The Irishman, who emigrated to Australia with his family after the discovery of gold near Ballarat in the early 1850s, built the property as a one-storey office in 1870. More than 20 years after Lynn’s death in 1878 it was expanded to its current two-storey design.
The building, built in the Victorian Renaissance Revival style, features 12 separate offices on the ground floor, many with original open fireplaces, as well as a large reception area and a kitchen.
Upstairs are three rooms, a bathroom and a kitchen, while much of the building’s interior and facade features original 19th century detailing.
‘Lynn’s Chambers’ is being marketed by PRD Nationwide’s Samantha McIntosh and Brenden Barclay, and will be auctioned on Saturday, June 18.
McIntosh says the building forms part of one of Ballarat’s most historically significant strips.
“You’re looking at the workplace of the first solicitor’s practice in Ballarat, in amongst the goldfields,” she says.
“It’s a stunning building in that streetscape that’s internationally known.”
“Lydiard St in Ballarat is one that is admired by people from all around the world because of its signicant architecture and it’s intactness.”

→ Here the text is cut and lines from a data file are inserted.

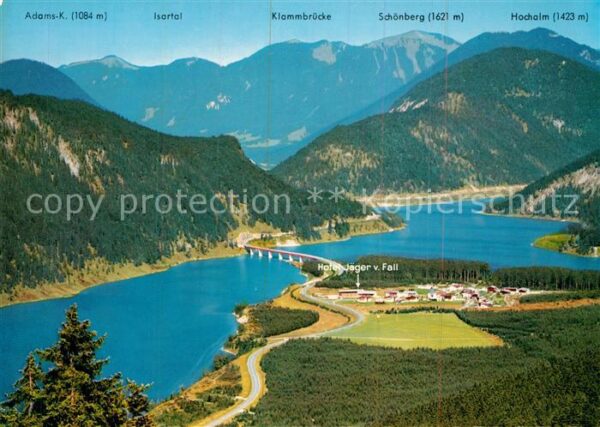 Sylvensteinsee Lenggries Hotel Jäger von Fall Klemmbrücke Fliege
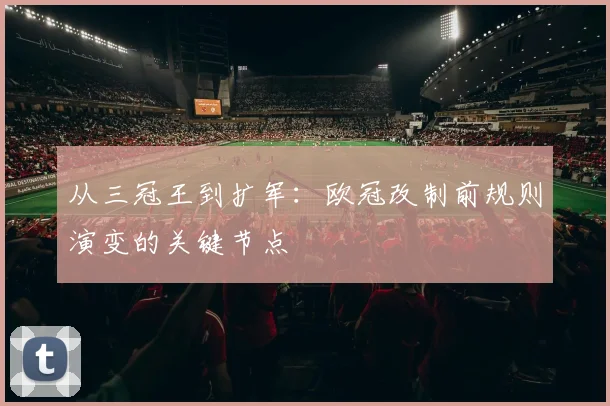 从三冠王到扩军：欧冠改制前规则演变的关键节点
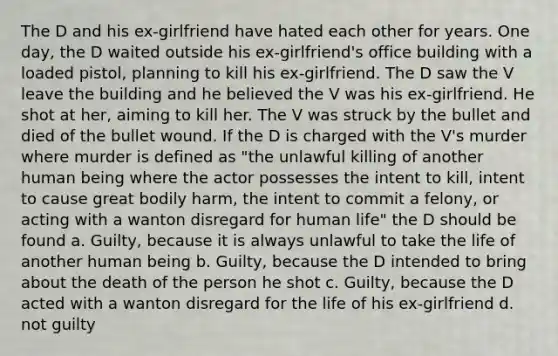 The D and his ex-girlfriend have hated each other for years. One day, the D waited outside his ex-girlfriend's office building with a loaded pistol, planning to kill his ex-girlfriend. The D saw the V leave the building and he believed the V was his ex-girlfriend. He shot at her, aiming to kill her. The V was struck by the bullet and died of the bullet wound. If the D is charged with the V's murder where murder is defined as "the unlawful killing of another human being where the actor possesses the intent to kill, intent to cause great bodily harm, the intent to commit a felony, or acting with a wanton disregard for human life" the D should be found a. Guilty, because it is always unlawful to take the life of another human being b. Guilty, because the D intended to bring about the death of the person he shot c. Guilty, because the D acted with a wanton disregard for the life of his ex-girlfriend d. not guilty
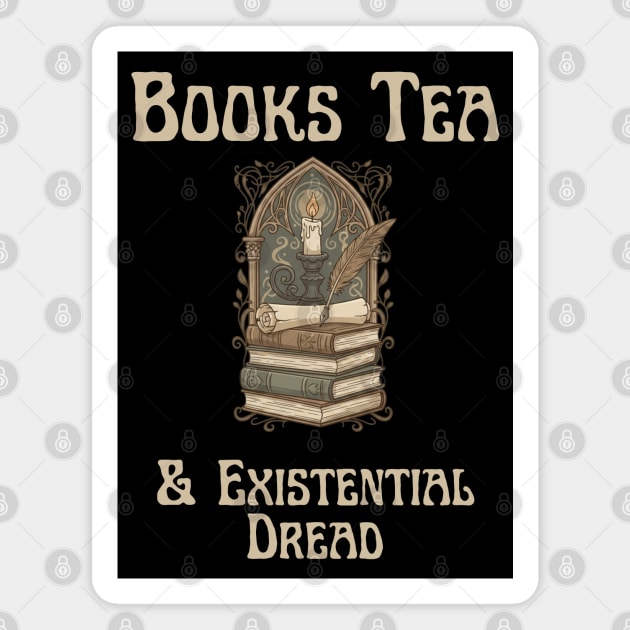 Books Tea & Existential Dread – Dark Academia Magnet by Stylecombinator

“Buying into this heritage real estate here in Ballarat and something like Lynn’s Chambers gives you so much more than just the building that it is today.”
While the building has remained vacant for a number of years, it was once PRD Nationwide’s headquarters.
“We owned it as our official offices about 10 years ago and since then it’s had a few different owners but hasn’t been operated, to my knowledge,” McIntosh says.
“I think there are still notes on the walls from the PRD days.”
Reminders that the offices were once a hotbed of activity when Ballarat became Australia’s gold rush boom town are in rich supply.
“Probably the most significant feature when you first walk in the door, the first thing that hits you is the spectacular tessellated tiles. The whole entry hall as you come in that arched front door, takes you into this passageway of an amazing display of tessellated tiles,” McIntosh says.
“When you walk inside you can see the lovely staircase, there’s certainly some significant messages of that bygone era. As well as the staircase, in a number of the rooms there’s the original fireplaces as well.
“Theres a lot that needs to be done but there’s certainly a lot that’s left.”
The property’s current owners once had plans approved to develop the airspace above the building, and while those plans have expired, Hutchinson says they could easily be revived.
“It gives whoever the purchaser of the property some huge scope … to do something that’s quite new and innovative,” she says.
“There’s the whole space on the roofline of the rear of the building that has the potential to be developed.”